In your copy, each line below is repeated exactly and no image appears.
Start of INPUT MATERIAL
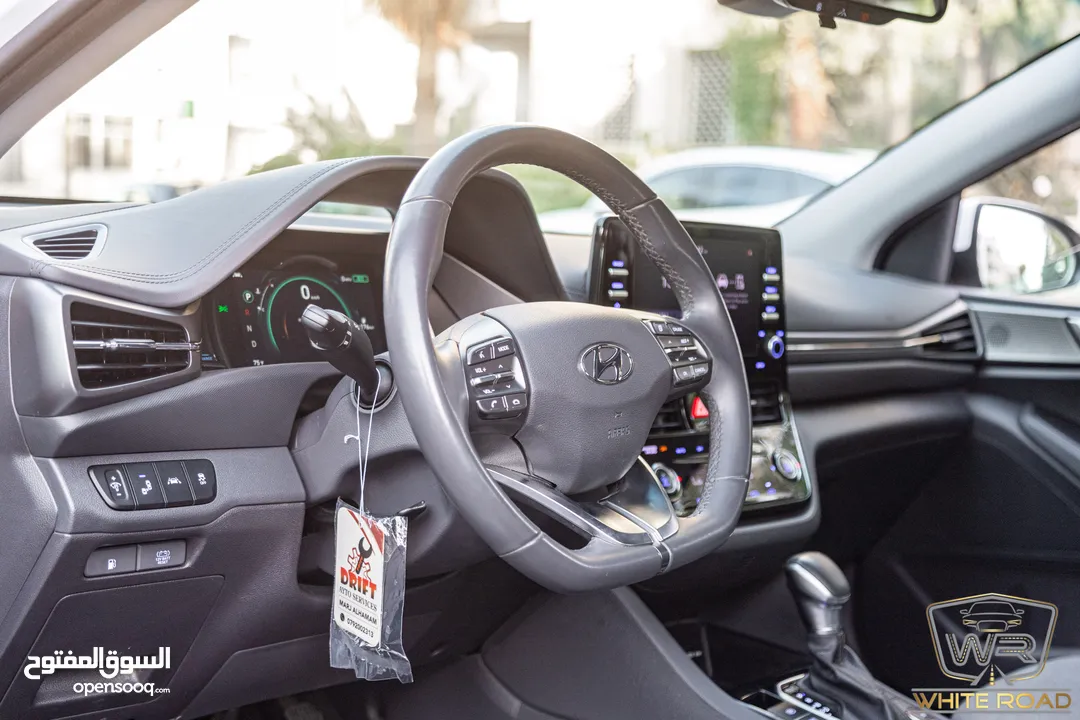 Hyundai Ioniq Hybrid 2021  السيارة وارد كوريا و بحالة ممتازة جدا و قطعت مسافة 135,000 كيلو متر
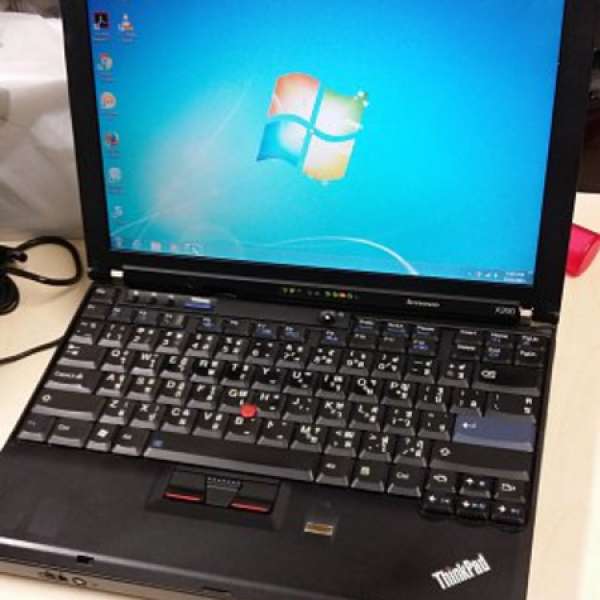 Lenovo X200 notebook跟原廠Docking, P8400 CPU, 4G DDR3 ram, 250G SATA HD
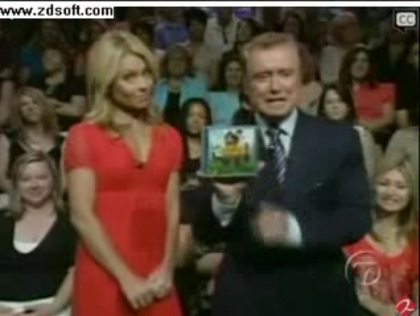 Demi Lovato-This is me(Live) with lyrics 02143 - Demilush - This is me - Live with Regis and Kelly Part oo5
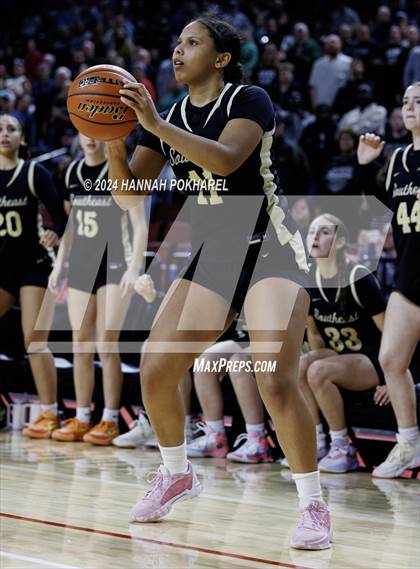 Thumbnail 2 in Lincoln Southwest vs. Lincoln Southeast (NSAA Class A Quarterfinal) photogallery.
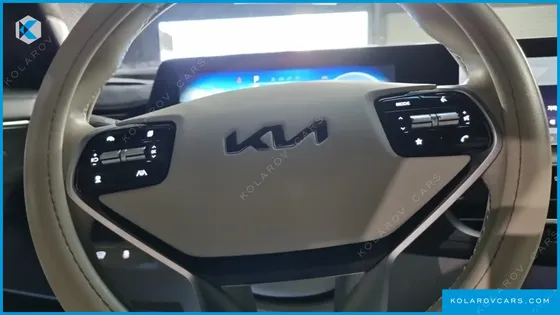 KIA K8 2.5 GASOLINE 2WD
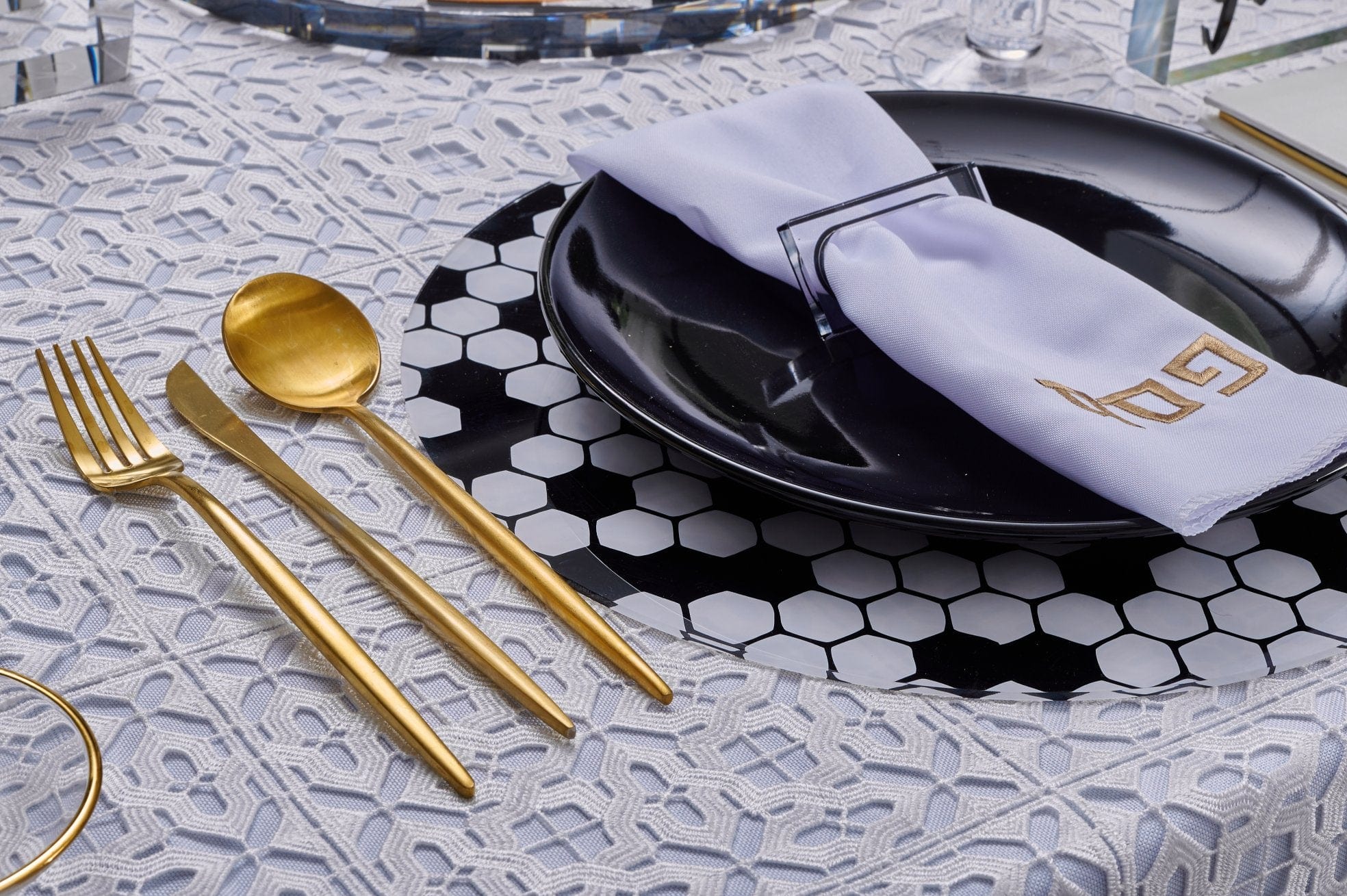 Onyx Pesach 2024 Tablescape - Waterdale Collection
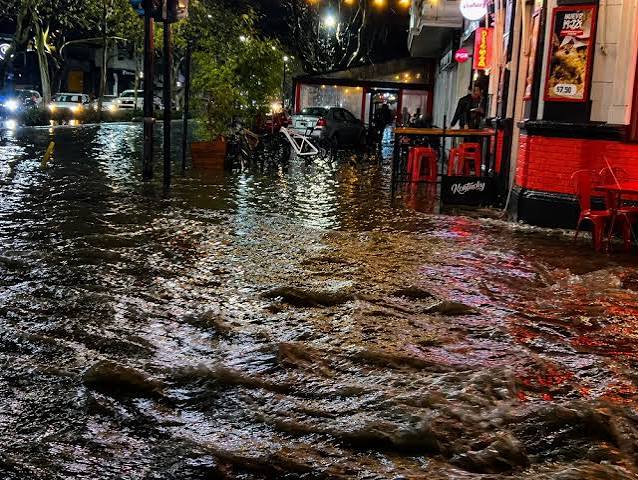 Casi 13 mil personas sin luz en el AMBA por la tormenta
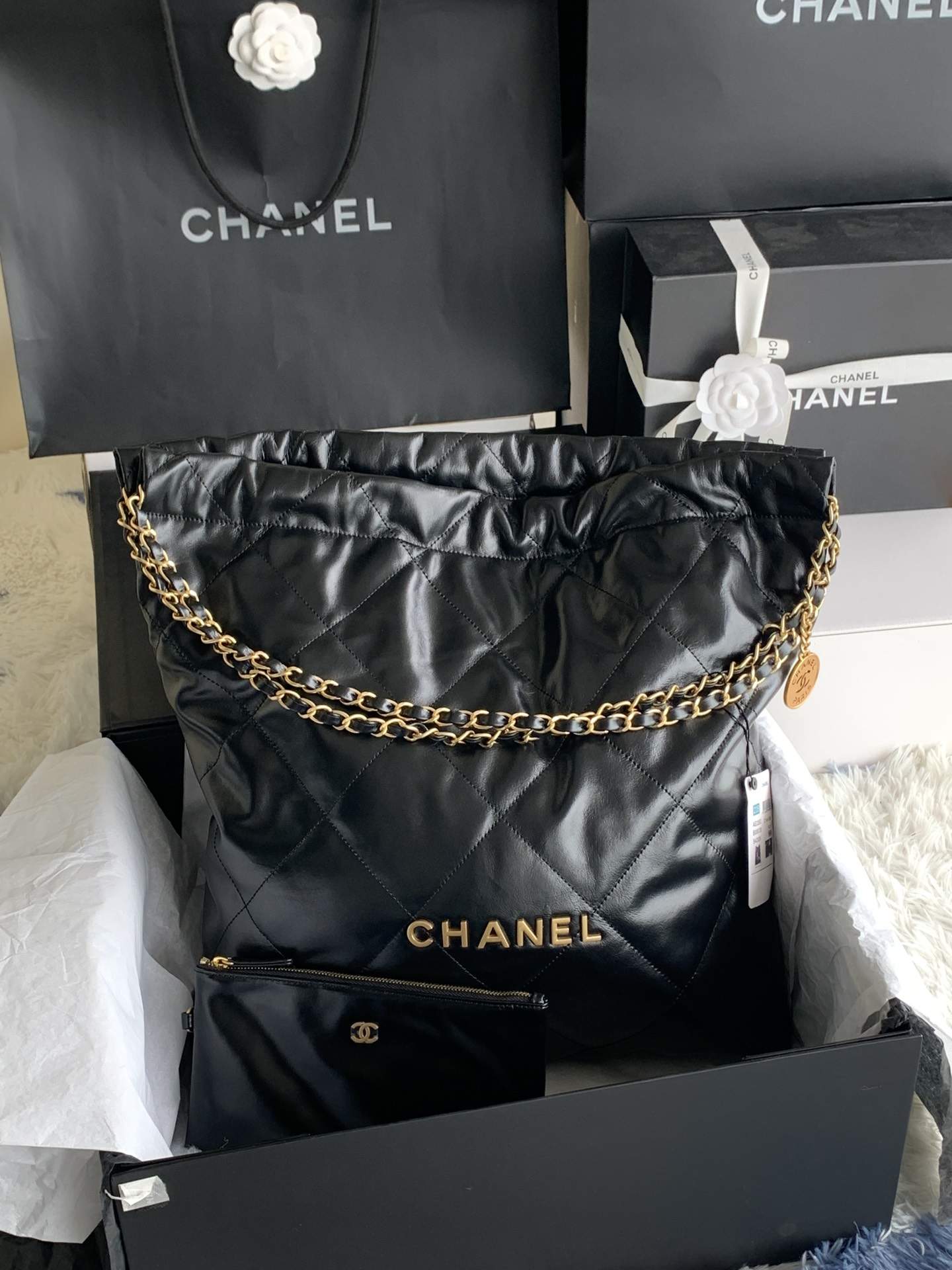 CHANEL 22 Large Handbag Black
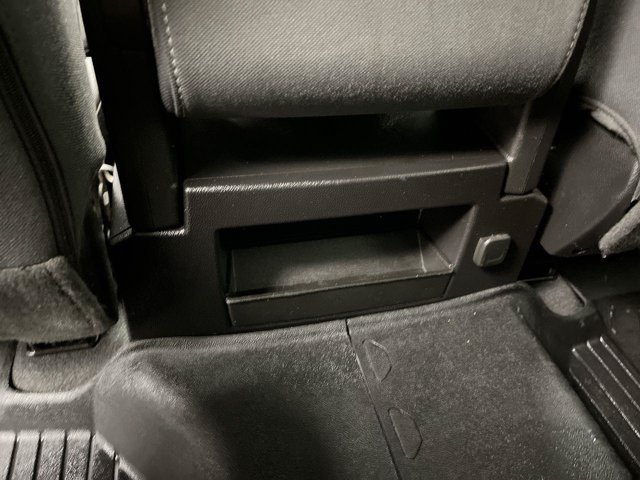 Used 2019 Onyx Black GMC SLE image 11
End of INPUT MATERIAL
*ANSWER TO THIS TASK*:
 Hyundai Ioniq Hybrid 2021  السيارة وارد كوريا و بحالة ممتازة جدا و قطعت مسافة 135,000 كيلو متر
 Lenovo X200 notebook跟原廠Docking, P8400 CPU, 4G DDR3 ram, 250G SATA HD
 Demi Lovato-This is me(Live) with lyrics 02143 - Demilush - This is me - Live with Regis and Kelly Part oo5
 Thumbnail 2 in Lincoln Southwest vs. Lincoln Southeast (NSAA Class A Quarterfinal) photogallery.
 KIA K8 2.5 GASOLINE 2WD
 Onyx Pesach 2024 Tablescape - Waterdale Collection
 Casi 13 mil personas sin luz en el AMBA por la tormenta
 CHANEL 22 Large Handbag Black
 Used 2019 Onyx Black GMC SLE image 11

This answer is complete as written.